エストニア共和国より愛をこめて

北欧に位置する人口130万ほどの小国・エストニアに暮らす大学生が、留学・観光・社会・市民生活などの話題を中心にさまざまな情報をお届けします。

経済移民なわたし

エストニアの人々が夏至祭のどんちゃん騒ぎをする中、「UKで行われたEUからの離脱の賛否を問う国民投票離脱派が勝利し、UKはEU離脱に向かうことになりました」というニュースが駆け巡った夜からもうすぐ2か月が経つんですねー。

イギリスの欧州連合離脱是非を問う国民投票

離脱派が「UKの社会保障財源が逼迫しているのはEU諸国から流入した経済移民のせいだ」といったプロパガンダを打ったことが功を奏したのだ、という意見があったりして、改めてEUにおける経済移民についての議論が盛り上がったりもしているようです。

経済移民というのは文字通り「より豊かな暮らしを求めて自らの意思で他国に移住した人」で、戦乱や政情不安などを背景とした迫害から逃れるために国を離れた「難民」とは区別されます。そして移民受け入れ側の国からは「自国の社会保障や雇用を逼迫させる存在」としてたびたびネガティヴな扱いを受けたりします、特に労働需要の様態が変化した近年は。

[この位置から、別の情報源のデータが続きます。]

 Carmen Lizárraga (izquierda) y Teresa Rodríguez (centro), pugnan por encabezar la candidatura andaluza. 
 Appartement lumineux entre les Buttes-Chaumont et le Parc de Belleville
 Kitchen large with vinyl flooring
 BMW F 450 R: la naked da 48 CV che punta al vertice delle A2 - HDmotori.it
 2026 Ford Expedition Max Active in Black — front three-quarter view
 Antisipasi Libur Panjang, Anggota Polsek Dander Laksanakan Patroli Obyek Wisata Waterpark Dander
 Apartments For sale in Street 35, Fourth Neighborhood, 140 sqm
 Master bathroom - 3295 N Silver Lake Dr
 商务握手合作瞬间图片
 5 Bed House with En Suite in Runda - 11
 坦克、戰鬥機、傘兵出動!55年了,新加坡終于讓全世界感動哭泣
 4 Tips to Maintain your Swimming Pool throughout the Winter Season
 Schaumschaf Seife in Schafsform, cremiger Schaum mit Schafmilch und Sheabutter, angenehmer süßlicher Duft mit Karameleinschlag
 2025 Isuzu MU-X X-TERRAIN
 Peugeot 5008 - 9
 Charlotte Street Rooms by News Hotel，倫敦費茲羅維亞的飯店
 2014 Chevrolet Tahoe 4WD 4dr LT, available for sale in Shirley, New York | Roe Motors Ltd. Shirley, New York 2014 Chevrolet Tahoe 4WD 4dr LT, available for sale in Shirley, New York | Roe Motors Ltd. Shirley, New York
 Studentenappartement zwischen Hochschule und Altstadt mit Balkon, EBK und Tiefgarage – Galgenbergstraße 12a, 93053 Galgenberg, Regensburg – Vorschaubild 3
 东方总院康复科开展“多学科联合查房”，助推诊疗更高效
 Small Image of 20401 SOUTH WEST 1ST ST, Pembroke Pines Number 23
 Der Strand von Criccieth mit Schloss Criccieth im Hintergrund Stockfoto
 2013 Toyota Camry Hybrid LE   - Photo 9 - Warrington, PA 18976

で、こうしたニュースには当然わたしは無関心ではいられないわけですよ。だってわたし自身がこの「経済移民」に該当すると思われる人間なので。しかも「高度な専門技術を持っている労働者」とかでは全然なく、「日本に住むのはいろいろ大変だったので、もっと良い暮らしができないかなあと思ってヨーロッパに来ましたー」というのがわたしですからね……。現時点では学生でまだ就労していないとはいえ、すでに事実上の移民ですよねこれ。

旧ブログでも書いたとおり、わたしは日本に住み続けていたら経済的理由で絶対に無理だったはずの「フルタイム学生としての大学進学」を、エストニアに移住することによって果たせたのでした。これって、エストニア政府と国民のみなさんが、この国とまったく縁もゆかりも無かった外国人であるわたしに貴重な高等教育の機会を与えてくれてる(=結構な税金を投入してくれている!)わけですよね。しかも通っている大学は国立で、大学が所有する格安の学生寮に住まわせてもらっていて、さらにタリン市民として住民票が与えられているので市内の公共交通機関も無料で使わせてもらっております。エストニア国民の皆さんには、もう感謝しかないですほんとに。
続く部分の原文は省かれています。